#### TASK INSTRUCTIONS:
Give again only what runs from the line with "Prime Minister Vladimir" to the final line of the entries below, exactly as written and without pictures.

#### PROVIDED MATERIAL:
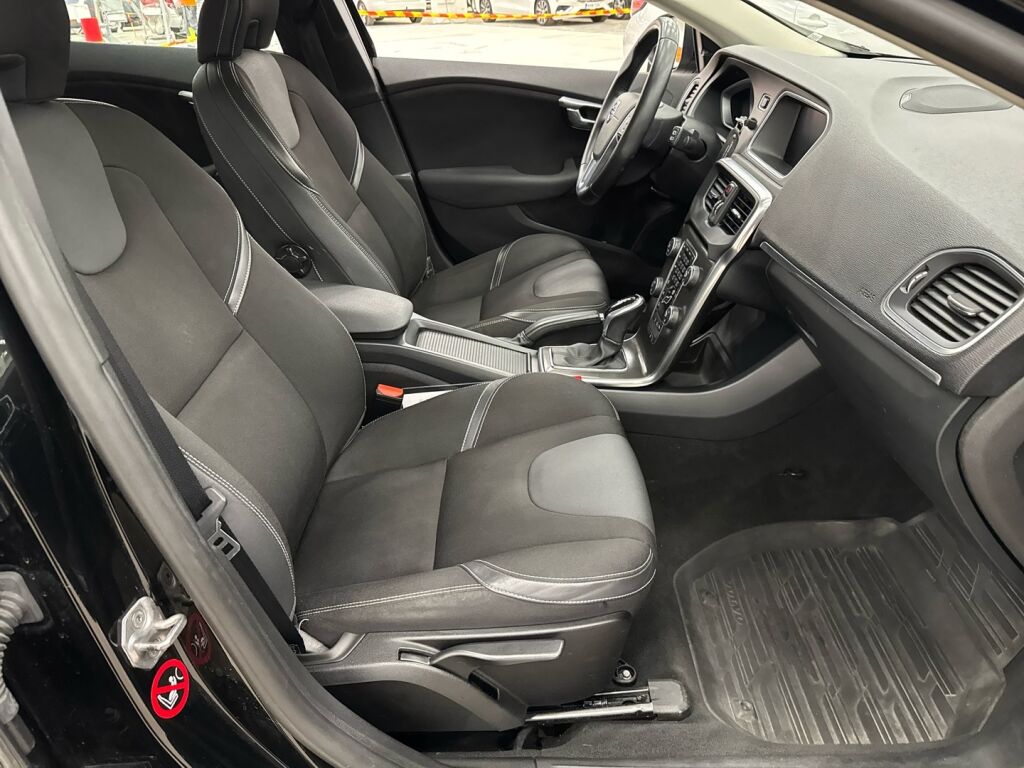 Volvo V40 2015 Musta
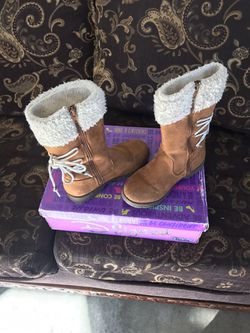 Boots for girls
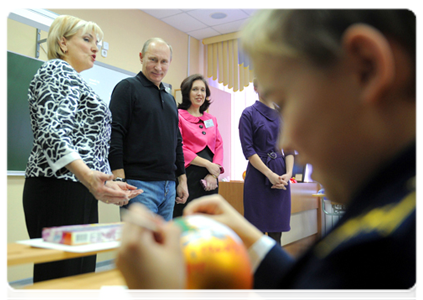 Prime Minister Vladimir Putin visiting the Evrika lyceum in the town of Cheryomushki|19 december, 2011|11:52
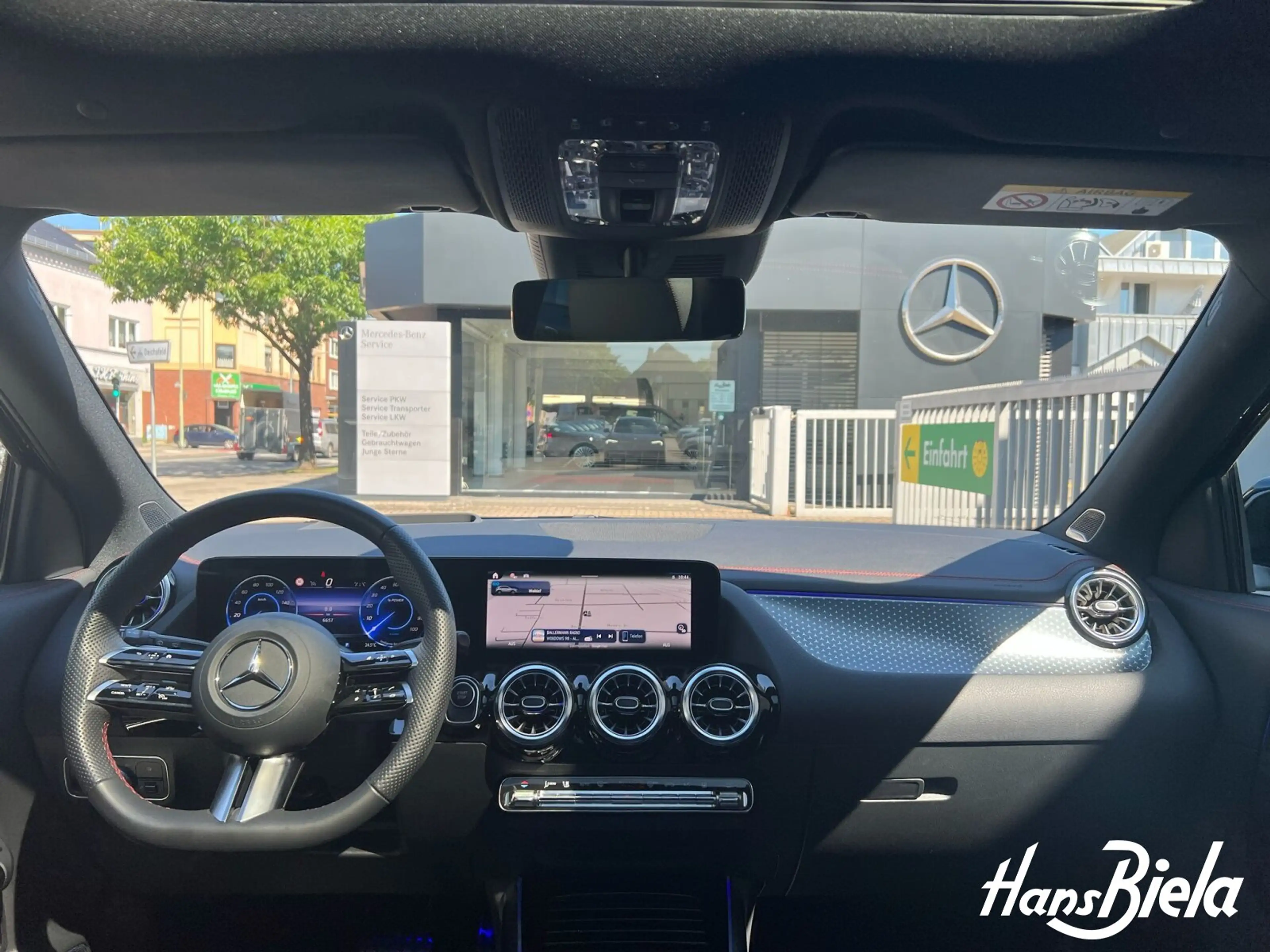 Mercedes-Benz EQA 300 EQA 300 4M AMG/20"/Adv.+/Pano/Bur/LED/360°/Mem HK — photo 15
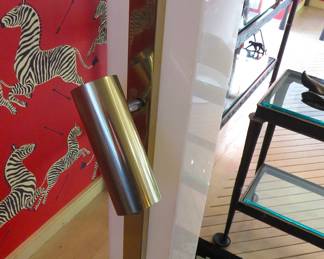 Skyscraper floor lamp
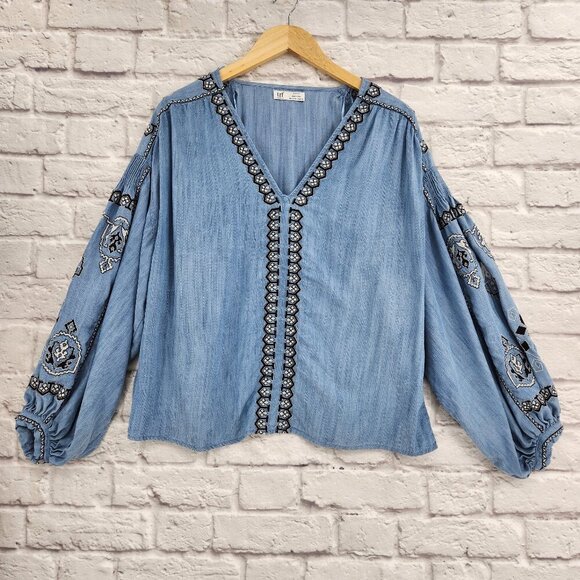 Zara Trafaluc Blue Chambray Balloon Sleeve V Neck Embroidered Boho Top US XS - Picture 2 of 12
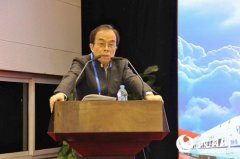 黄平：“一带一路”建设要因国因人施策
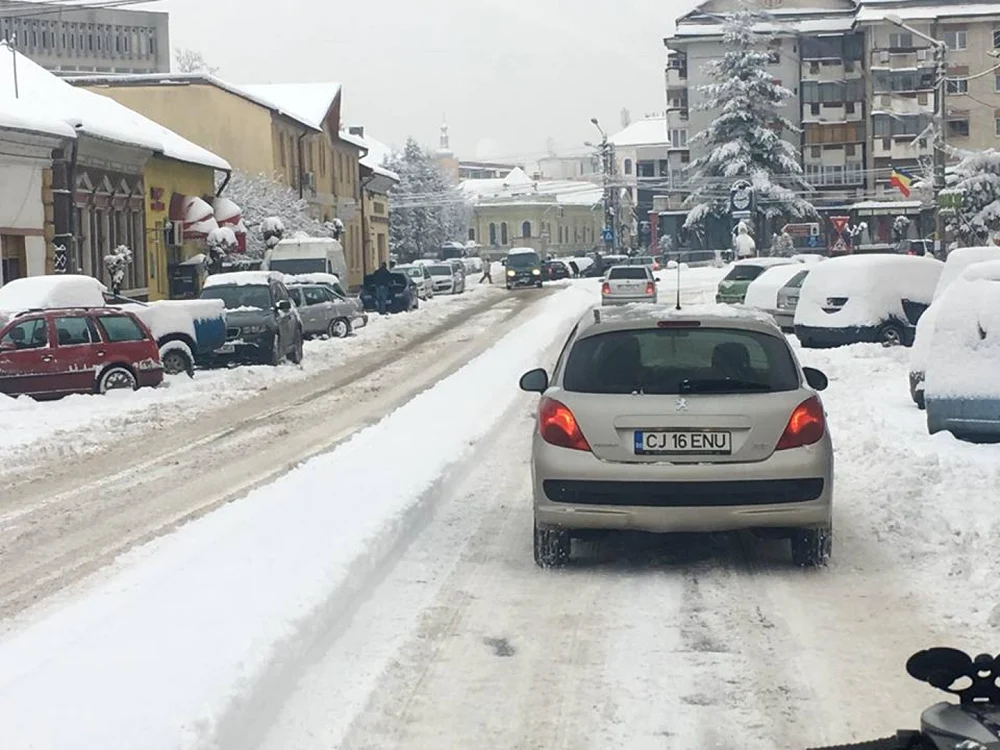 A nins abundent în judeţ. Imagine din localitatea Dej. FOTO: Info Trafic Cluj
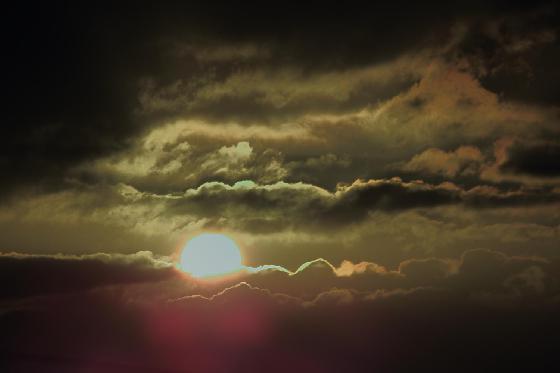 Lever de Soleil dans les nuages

#### ANSWER SPACE:
 Prime Minister Vladimir Putin visiting the Evrika lyceum in the town of Cheryomushki|19 december, 2011|11:52
 Mercedes-Benz EQA 300 EQA 300 4M AMG/20"/Adv.+/Pano/Bur/LED/360°/Mem HK — photo 15
 Skyscraper floor lamp
 Zara Trafaluc Blue Chambray Balloon Sleeve V Neck Embroidered Boho Top US XS - Picture 2 of 12
 黄平：“一带一路”建设要因国因人施策
 A nins abundent în judeţ. Imagine din localitatea Dej. FOTO: Info Trafic Cluj
 Lever de Soleil dans les nuages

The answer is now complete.